Si potrà obiettare che il caso dell’India tende a confermare la linea narrativa di Big Pharma: nonostante la concessione a titolo completamente gratuito – da parte dell’azienda stessa – della licenza sul brevetto Moderna al governo di New Delhi, agli inizi di giugno solo il 3% della popolazione era stata vaccinata (la campagna ha tuttavia subito una forte accellerazione a metà giugno, con 8 milioni di dosi somministrate al giorno, ndr), a riprova che le problematiche non ruotano tanto attorno alla disponibilità delle formule per il vaccino quanto più alle inefficienze interne e alla burocrazia notoriamente incompetente e corrotta di quel Paese.

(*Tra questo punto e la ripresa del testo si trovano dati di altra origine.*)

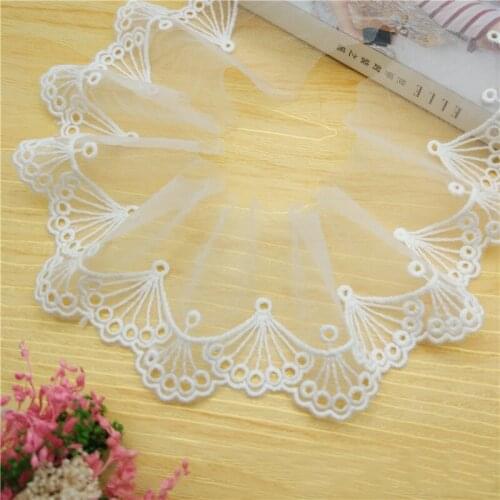 9yards 6cm white mesh embroidered Lace Trim fabric ribbon clothing skirt Home textile DIY Apparel Sewing decorate Accessories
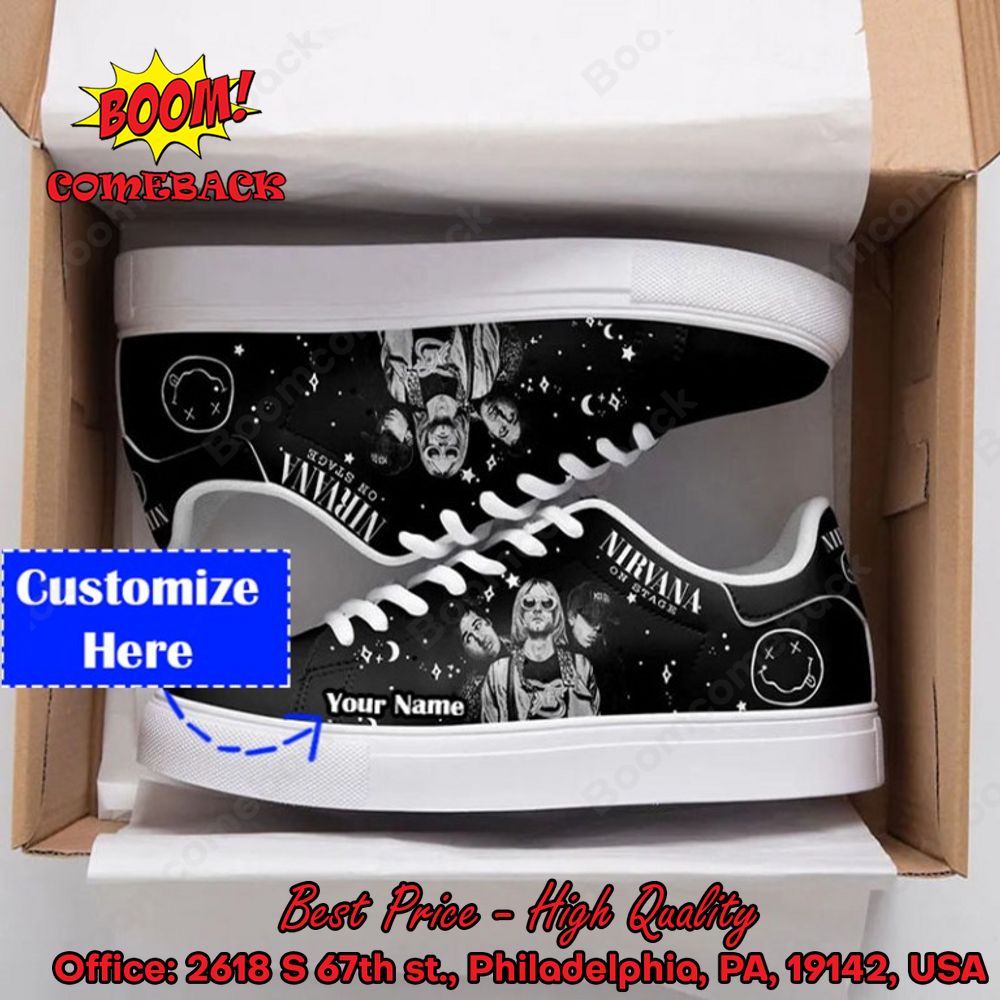 Nirvana Personalized Name Adidas Black Style 1 Stan Smith Shoes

Vaccini e brevetti: la parola all’esperto

Inoltre, le farmaceutiche hanno dalla loro un argomento più forte di altri: se gli Stati desiderano formule Patent free, investano essi stessi decine di miliardi di dollari in ricerca, e si creino loro proprietà intellettuali pubblicamente disponibili. Crudo, scontroso e cinico, come statement, ma denso di una certa logica.

Più sobrio ma non meno schietto è stato Fabrizio Jacobacci, avvocato a capo dell’impero italiano della protezione intellettuale, tra i primi 3 gruppi del genere in Europa, che da me interpellato ha dichiarato:

“Il brevetto di per sé non rende indisponibile il prodotto e qualora così fosse, esistono dei rimedi legali che gli Stati potrebbero esperire per superare l’indisponibilità del prodotto, se essa fosse causata dall’esistenza di un brevetto. Questa tuttavia è una decisione politica, non tecnica. Da sempre l’intervallo temporale più o meno ampio tra scoperta di un farmaco, compreso un vaccino, e il suo rilascio per la somministrazione al pubblico è la conseguenza dei molti test e sperimentazioni che devono essere fatti allo scopo – giustamente – di tutelare la salute pubblica. Inoltre, la produzione di farmaci sofisticati come i vaccini per il Covid-19 non sono alla portata di tutti i produttori di farmaci: la domanda di vaccini determinata dalla pandemia è di carattere esplosivo, capace di mettere in crisi molti sistemi produttivi, non tarati sulla fabbricazione di centinaia di milioni di dosi in poco tempo. A queste complessità, si aggiunge il fatto che nel caso di un vaccino somministrato durante un’epidemia, la domanda è caratterizzata da un picco seguito da una rapida flessione: chi vende un vaccino – e le aziende, al netto delle ipocrisie, esistono per vendere prodotti e servizi – sa che deve sfruttare il picco, perché una volta superata la crisi, la domanda inevitabilmente viene meno”.

Tutto assai ragionevole, ma si sa – come spiego nel dettaglio nel mio ultimo volume, dal titolo Il reputation management spiegato semplice – la buona o cattiva reputazione è determinata, oltre a ciò che si fa, anche da come si è percepiti dai vari stakeholder. E lavorare sul proprio profilo reputazionale equivale a creare valore e guadagnare più denaro: il Reputation Institute americano stima che, in media, una variazione di 1 punto nell’indice reputazionale dell’azienda (misurato dal loro indice RepTrak) vale un incremento di circa il 2,6% del valore di mercato dell’azienda stessa.

Per i colossi di big-pharma, tuttavia, la strada della buona reputazione, in termini di percezione da parte del grande pubblico – pare essere sempre, invariabilmente e nonostante tutto, in salita.